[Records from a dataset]
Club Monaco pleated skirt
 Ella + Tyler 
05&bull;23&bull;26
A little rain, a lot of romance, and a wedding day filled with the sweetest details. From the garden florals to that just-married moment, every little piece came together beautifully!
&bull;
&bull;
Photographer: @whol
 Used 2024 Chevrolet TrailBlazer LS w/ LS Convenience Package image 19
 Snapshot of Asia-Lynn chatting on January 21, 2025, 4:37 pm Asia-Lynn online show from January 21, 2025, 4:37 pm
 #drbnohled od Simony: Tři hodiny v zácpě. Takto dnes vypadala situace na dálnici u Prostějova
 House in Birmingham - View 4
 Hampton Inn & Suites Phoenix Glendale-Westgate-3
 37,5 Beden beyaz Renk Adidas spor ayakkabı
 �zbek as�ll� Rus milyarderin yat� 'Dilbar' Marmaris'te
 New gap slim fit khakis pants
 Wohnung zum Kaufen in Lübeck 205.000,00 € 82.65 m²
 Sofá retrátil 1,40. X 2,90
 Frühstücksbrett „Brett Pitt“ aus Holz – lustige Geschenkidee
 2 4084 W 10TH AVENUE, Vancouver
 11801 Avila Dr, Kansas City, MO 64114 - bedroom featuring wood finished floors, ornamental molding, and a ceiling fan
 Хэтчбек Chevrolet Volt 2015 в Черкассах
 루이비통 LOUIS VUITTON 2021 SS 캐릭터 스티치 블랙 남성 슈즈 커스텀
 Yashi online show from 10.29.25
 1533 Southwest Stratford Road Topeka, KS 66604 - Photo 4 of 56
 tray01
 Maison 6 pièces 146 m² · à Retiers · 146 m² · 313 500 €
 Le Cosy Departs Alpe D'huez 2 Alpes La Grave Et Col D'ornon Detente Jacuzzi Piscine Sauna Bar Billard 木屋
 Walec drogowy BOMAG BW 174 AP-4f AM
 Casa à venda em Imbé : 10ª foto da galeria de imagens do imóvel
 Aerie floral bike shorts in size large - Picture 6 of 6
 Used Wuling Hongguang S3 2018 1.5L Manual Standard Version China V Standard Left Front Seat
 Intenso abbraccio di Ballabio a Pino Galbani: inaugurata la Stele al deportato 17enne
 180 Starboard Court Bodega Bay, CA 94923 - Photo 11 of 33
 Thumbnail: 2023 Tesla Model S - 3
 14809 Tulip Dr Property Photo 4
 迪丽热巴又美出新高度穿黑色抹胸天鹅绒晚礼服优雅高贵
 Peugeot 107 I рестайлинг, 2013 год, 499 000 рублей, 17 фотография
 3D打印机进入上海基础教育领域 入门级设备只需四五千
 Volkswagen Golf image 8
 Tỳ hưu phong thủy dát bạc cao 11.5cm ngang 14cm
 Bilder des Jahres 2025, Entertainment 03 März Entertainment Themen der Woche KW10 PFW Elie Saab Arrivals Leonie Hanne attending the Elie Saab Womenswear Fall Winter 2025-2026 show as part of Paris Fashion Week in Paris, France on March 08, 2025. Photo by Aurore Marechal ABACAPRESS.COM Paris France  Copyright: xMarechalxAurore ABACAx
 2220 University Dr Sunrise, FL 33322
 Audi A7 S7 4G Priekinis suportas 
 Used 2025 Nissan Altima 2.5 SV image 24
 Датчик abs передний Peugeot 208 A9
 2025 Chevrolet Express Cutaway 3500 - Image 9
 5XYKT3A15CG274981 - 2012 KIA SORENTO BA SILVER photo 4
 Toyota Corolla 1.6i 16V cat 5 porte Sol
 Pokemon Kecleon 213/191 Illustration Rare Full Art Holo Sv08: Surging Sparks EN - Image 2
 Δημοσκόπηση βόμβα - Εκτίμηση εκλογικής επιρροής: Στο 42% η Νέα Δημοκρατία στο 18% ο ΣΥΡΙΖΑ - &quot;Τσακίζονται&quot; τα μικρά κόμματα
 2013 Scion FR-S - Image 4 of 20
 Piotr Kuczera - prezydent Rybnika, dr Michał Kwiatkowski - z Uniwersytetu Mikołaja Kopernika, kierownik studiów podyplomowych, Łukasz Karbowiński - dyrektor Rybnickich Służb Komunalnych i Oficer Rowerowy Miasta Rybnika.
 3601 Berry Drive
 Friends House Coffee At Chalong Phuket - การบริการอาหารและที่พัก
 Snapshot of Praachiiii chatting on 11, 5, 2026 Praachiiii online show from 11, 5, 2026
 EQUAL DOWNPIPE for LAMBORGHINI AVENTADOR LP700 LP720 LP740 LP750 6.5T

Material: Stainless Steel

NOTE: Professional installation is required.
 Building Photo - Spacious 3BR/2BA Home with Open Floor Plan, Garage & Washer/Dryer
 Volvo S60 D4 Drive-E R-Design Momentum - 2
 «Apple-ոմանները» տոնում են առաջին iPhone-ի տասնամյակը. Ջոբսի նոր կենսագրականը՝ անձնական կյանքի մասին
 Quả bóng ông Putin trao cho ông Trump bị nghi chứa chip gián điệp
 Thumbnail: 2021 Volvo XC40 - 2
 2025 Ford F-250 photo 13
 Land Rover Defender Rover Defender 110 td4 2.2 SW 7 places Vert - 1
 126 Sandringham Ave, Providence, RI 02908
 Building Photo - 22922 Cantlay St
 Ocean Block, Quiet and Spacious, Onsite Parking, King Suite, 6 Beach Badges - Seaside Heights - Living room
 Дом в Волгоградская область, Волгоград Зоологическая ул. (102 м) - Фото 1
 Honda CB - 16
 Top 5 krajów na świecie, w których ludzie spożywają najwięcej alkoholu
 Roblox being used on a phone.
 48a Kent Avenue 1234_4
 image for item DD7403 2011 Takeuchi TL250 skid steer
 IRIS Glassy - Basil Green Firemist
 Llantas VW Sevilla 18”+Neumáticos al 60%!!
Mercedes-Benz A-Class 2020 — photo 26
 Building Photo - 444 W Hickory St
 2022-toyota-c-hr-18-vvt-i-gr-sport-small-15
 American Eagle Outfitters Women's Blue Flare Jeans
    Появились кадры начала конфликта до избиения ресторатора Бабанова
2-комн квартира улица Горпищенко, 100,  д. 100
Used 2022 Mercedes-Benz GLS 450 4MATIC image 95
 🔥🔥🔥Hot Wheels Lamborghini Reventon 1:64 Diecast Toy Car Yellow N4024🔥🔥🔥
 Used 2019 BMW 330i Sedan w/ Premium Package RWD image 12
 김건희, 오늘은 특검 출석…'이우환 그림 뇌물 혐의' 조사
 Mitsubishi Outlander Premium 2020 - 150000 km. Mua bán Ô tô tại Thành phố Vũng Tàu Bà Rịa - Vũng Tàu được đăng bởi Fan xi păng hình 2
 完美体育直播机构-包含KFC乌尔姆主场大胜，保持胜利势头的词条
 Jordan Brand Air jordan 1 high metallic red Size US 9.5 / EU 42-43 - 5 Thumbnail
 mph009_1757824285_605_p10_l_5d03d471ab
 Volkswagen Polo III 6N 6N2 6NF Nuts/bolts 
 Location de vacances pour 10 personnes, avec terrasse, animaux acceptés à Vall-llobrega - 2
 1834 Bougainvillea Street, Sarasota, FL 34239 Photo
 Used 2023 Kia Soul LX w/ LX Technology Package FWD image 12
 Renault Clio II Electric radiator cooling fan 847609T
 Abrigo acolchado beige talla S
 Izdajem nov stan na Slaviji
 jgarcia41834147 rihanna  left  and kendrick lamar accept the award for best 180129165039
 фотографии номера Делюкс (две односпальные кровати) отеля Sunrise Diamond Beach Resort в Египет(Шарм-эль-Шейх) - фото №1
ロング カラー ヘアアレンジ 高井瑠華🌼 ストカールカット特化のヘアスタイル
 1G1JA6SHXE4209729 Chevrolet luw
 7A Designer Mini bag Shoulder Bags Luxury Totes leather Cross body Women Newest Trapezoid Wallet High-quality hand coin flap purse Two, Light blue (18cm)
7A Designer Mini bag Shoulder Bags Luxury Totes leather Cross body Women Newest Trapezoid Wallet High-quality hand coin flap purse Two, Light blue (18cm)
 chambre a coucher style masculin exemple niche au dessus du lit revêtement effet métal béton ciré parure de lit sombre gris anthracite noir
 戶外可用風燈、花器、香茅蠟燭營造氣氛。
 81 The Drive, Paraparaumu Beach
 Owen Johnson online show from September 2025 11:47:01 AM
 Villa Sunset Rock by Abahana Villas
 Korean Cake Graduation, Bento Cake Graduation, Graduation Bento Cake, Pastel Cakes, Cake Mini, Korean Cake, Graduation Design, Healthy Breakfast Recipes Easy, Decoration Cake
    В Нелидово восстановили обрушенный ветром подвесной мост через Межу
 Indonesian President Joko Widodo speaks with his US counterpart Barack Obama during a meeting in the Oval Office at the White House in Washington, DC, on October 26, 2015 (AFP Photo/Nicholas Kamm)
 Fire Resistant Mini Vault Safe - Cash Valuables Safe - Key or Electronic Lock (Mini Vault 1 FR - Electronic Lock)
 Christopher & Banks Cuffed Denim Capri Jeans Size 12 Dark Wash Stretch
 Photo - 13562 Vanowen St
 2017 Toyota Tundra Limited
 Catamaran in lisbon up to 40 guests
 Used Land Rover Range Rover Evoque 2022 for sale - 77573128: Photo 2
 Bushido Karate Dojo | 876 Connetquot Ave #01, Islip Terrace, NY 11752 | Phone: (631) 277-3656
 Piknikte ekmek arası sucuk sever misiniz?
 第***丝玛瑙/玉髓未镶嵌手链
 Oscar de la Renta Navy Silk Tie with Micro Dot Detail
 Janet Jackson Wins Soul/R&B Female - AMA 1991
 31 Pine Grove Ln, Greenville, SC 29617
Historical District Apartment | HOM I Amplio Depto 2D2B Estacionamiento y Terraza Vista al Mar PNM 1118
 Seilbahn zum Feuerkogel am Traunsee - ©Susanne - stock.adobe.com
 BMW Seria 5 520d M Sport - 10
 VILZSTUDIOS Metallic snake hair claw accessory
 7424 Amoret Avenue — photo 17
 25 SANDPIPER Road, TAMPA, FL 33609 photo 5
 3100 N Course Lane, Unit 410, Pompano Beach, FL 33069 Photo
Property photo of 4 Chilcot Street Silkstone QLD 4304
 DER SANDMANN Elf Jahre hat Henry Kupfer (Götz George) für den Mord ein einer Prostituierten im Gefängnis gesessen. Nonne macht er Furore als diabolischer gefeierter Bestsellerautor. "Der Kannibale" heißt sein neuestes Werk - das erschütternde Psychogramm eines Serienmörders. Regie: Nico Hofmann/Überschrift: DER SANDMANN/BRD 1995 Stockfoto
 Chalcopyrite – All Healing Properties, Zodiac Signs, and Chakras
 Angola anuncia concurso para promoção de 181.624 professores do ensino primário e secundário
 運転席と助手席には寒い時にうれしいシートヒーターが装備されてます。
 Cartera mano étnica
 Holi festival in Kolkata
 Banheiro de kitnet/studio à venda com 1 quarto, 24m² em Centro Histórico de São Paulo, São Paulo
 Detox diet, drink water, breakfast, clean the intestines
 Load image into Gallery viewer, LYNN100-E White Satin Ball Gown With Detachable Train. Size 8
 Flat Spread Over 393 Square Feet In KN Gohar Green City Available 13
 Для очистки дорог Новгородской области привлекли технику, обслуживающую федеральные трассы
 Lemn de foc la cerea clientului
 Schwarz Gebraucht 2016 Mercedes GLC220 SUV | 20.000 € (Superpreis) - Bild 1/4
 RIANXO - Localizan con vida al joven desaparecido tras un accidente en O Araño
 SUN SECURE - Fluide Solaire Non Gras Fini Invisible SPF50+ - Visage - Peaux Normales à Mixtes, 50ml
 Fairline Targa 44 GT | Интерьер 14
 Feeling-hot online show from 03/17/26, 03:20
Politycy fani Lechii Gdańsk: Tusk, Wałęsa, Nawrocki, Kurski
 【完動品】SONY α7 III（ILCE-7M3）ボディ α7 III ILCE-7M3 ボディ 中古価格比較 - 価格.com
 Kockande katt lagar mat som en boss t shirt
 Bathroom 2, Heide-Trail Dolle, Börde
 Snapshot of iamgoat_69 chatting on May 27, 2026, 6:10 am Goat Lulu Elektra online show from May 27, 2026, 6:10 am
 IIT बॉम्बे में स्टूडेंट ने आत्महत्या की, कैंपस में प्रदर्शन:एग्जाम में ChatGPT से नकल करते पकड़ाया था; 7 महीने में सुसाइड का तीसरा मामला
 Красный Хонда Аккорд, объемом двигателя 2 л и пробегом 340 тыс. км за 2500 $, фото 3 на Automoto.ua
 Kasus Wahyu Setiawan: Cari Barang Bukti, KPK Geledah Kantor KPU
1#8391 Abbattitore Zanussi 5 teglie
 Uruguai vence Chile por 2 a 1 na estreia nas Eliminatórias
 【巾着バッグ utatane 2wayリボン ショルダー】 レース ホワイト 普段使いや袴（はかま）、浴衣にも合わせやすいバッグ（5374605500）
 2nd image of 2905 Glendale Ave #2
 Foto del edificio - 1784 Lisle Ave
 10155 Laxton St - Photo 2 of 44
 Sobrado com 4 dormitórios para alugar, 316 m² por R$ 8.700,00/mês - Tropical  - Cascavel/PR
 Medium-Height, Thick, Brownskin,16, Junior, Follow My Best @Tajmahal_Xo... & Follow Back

> [To do]: The first line of the records and every line down to the line with "Tỳ hưu phong" must be quoted exactly; leave out all else.

> [Completed task]:
Club Monaco pleated skirt
 Ella + Tyler 
05&bull;23&bull;26
A little rain, a lot of romance, and a wedding day filled with the sweetest details. From the garden florals to that just-married moment, every little piece came together beautifully!
&bull;
&bull;
Photographer: @whol
 Used 2024 Chevrolet TrailBlazer LS w/ LS Convenience Package image 19
 Snapshot of Asia-Lynn chatting on January 21, 2025, 4:37 pm Asia-Lynn online show from January 21, 2025, 4:37 pm
 #drbnohled od Simony: Tři hodiny v zácpě. Takto dnes vypadala situace na dálnici u Prostějova
 House in Birmingham - View 4
 Hampton Inn & Suites Phoenix Glendale-Westgate-3
 37,5 Beden beyaz Renk Adidas spor ayakkabı
 �zbek as�ll� Rus milyarderin yat� 'Dilbar' Marmaris'te
 New gap slim fit khakis pants
 Wohnung zum Kaufen in Lübeck 205.000,00 € 82.65 m²
 Sofá retrátil 1,40. X 2,90
 Frühstücksbrett „Brett Pitt“ aus Holz – lustige Geschenkidee
 2 4084 W 10TH AVENUE, Vancouver
 11801 Avila Dr, Kansas City, MO 64114 - bedroom featuring wood finished floors, ornamental molding, and a ceiling fan
 Хэтчбек Chevrolet Volt 2015 в Черкассах
 루이비통 LOUIS VUITTON 2021 SS 캐릭터 스티치 블랙 남성 슈즈 커스텀
 Yashi online show from 10.29.25
 1533 Southwest Stratford Road Topeka, KS 66604 - Photo 4 of 56
 tray01
 Maison 6 pièces 146 m² · à Retiers · 146 m² · 313 500 €
 Le Cosy Departs Alpe D'huez 2 Alpes La Grave Et Col D'ornon Detente Jacuzzi Piscine Sauna Bar Billard 木屋
 Walec drogowy BOMAG BW 174 AP-4f AM
 Casa à venda em Imbé : 10ª foto da galeria de imagens do imóvel
 Aerie floral bike shorts in size large - Picture 6 of 6
 Used Wuling Hongguang S3 2018 1.5L Manual Standard Version China V Standard Left Front Seat
 Intenso abbraccio di Ballabio a Pino Galbani: inaugurata la Stele al deportato 17enne
 180 Starboard Court Bodega Bay, CA 94923 - Photo 11 of 33
 Thumbnail: 2023 Tesla Model S - 3
 14809 Tulip Dr Property Photo 4
 迪丽热巴又美出新高度穿黑色抹胸天鹅绒晚礼服优雅高贵
 Peugeot 107 I рестайлинг, 2013 год, 499 000 рублей, 17 фотография
 3D打印机进入上海基础教育领域 入门级设备只需四五千
 Volkswagen Golf image 8
 Tỳ hưu phong thủy dát bạc cao 11.5cm ngang 14cm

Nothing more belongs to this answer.